Dove-shaped ewer

“An object full of meaning: the ewer of the Diocesan Museum”

  • melted, chiseled, engraved, golden and silver-plated bronze
  • middle of the 13th century
  • goldsmith shop in Hildesheim, lower Saxony, Germany


The ewer is a container employed during liturgies to contain holy water used in the ritual of the “Laver”, in which the priest washes his hands in order to purify them.

It is shaped like a dove, standing still with its wings closed. It stands on its feet and on the far end of its tail. It has two openings, like an ampoule: one on its back, for water to be filled up, and the other on its beak, to pour out the water during the ritual; the handle is a vine shoot, which starts from the beak and ends on the back.

The artwork was created with a casting technique, starting with a wax model; later on decorations were realized, with a refined work of chisel and burin, highly noticeable on the plumage, shoots, and vine leaves. Traces of the original gold and silver plating are still visible on the the wings and the tail feathers.

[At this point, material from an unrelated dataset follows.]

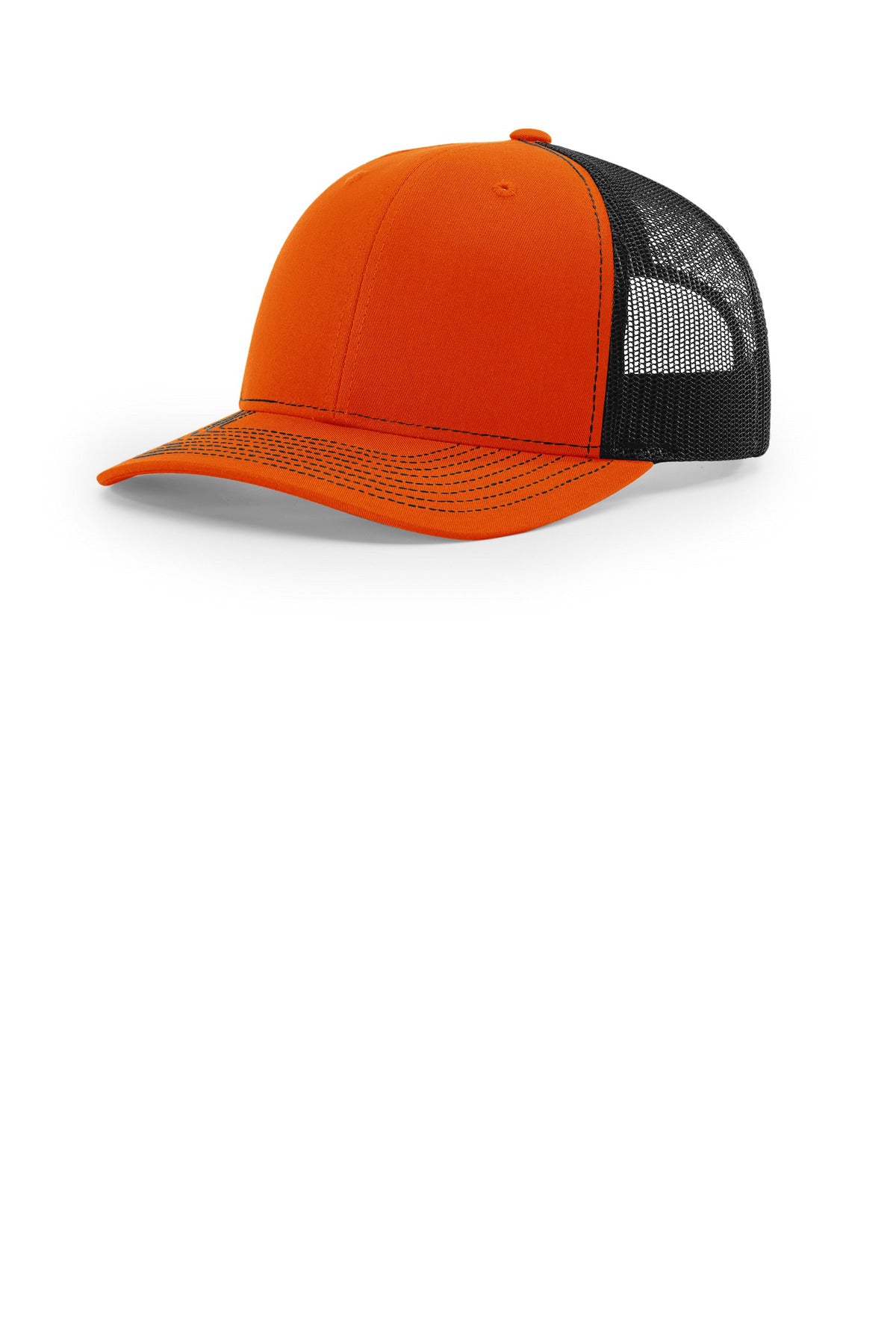 Custom logo Richardson Trucker Cap 112 in Orange/ Black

The shape of this artifact is full of symbolic and religious meanings: it connects the animal element, the dove representing peace and purity, to the natural element of the vine, which symbolizes prosperity, fertility and blessings, and at the same time Christ’s sacrifice, for wine is associated to his blood.

Nowadays, the ewer is the symbol and logo of the Museum of the Diocese of Fidenza; Jacques Le Goff, a great historian and honorary citizen of Fidenza, chose the ewer as the symbol of his exhibit “European Middle Ages of Jacques Le Goff”, 28/09/2003-06/01/2004, to highlight an ideal of Europe designed and hoped for under the symbol of peace.

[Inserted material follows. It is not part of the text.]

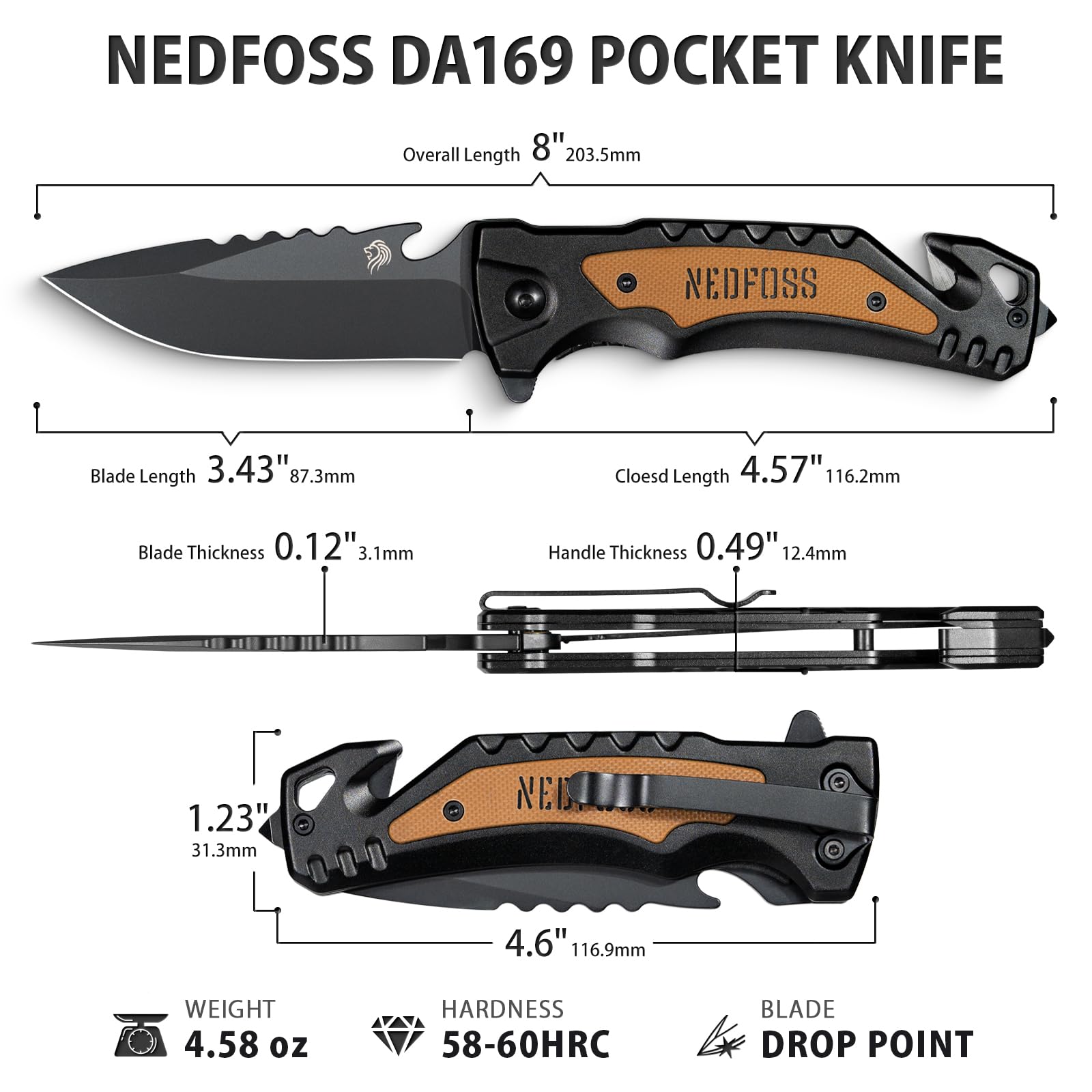 NedFoss DA169 pocket clip enables quick one-handed access.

Jacques Le Goff (Toulon, France, 1st January 1924 – Paris, 1st April 2014): He was a French historian, one of the greatest scholars who studied the Middle Ages in Western society. He examined its crucial themes, identifying connections between the history of culture and economical, sociological, and anthropological dynamics.


Lost wax casting: Sculpting technique already used during the Bronze Age.

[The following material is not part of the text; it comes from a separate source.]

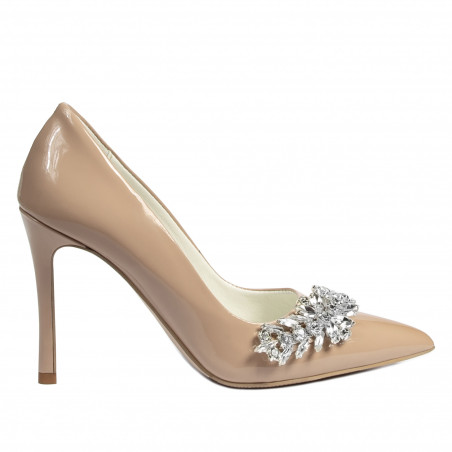 Zapatos elegantes de mujer 1300 charol camel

  • Indirect method: it consists in the making of a wax model used to create a clay mould into which melted bronze is poured.
  • Direct method: similar to the first method; the wax model is realized on top of a clay model, so the mould turns out empty inside.


Burin: Thin scalpel with a steel tip used for particular incisions.


Chisel: Small scalpel employed in the production of metals and hard stones, it’s used for decorations and to define shapes.


Laver: Cleansing ritual with the purpose of a spiritual purification; in the Catholic Church there are three kinds of “laver”: before the celebration, during the offertory and after the holy Communion.